Back in the '90s, I remember my parents saying that it was less expensive to inspect their cars in Plano, in Collin County, than a few miles further south in Dallas County - because of the additional emissions inspections required in the latter. I never would have imagined that 20 years later, ten DFW counties are now in non-attainment for smog-producing ozone pollution - and we still have no plan to solve the problem.

Just looking at the smog, we all know it can't be good for any of us. The American Lung Association has a good article on the health effects of ozone pollution. Moreover, studies have shown that air pollution in general has a disproportionate impact on Latino and African-American communities.

Last week, I attended my first public hearing of any kind: an opportunity for the general public to speak to representatives of the Texas Commission on Environmental Quality (TCEQ) about their current plan for bringing DFW's ozone levels down to the levels set by the EPA under the Clean Air Act. In short, they don't have a plan for meeting the current goal. In October, news came out about new EPA standards that will tighten the restrictions even further. The existing TCEQ plan calls for no new action, suggesting that efficiency gains from vehicles are sufficient to bring ozone down "close enough" to the EPA mandated level.
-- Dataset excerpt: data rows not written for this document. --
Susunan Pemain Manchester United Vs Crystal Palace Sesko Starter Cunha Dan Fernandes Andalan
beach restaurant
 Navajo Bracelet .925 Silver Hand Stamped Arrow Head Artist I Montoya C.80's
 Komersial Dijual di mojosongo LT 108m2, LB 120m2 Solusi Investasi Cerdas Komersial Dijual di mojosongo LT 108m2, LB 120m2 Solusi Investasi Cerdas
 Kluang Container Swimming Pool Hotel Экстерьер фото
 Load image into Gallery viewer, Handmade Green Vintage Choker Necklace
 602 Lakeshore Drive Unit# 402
There were between 50 and 70 people in the room, many of whom signed up to speak. Every single speaker whom I heard in over two hours of testimony spoke out for a better plan, many of them specifically appealing to the EPA (who had several representatives in attendance) to take over the planning process. In over 20 years, TCEQ has not managed to put together a meaningful plan, and the EPA has the right to impose sanctions and dictate a plan.

After so many years, the testimony was impassioned, and diverse. Parents and grandparents spoke about their kids', and their own, struggles with asthma. Particularly moving were the stories of children whose asthma attacks often keep them out of school or leave them too tired to function well when they do attend. Older community members talked about the literal daily struggle to breathe. The injustice of a high concentration of cement processing plants on West Dallas, an area which is 80% Latino and/or African American, was strongly called out.

Some activists, fed up with years of inaction, were quite strong - even vulgar - in their language. Personally, I was not pleased to hear that tactic. I can't see what good it will do. But who am I to judge, when I haven't been on the front line of the clean air fight for decades?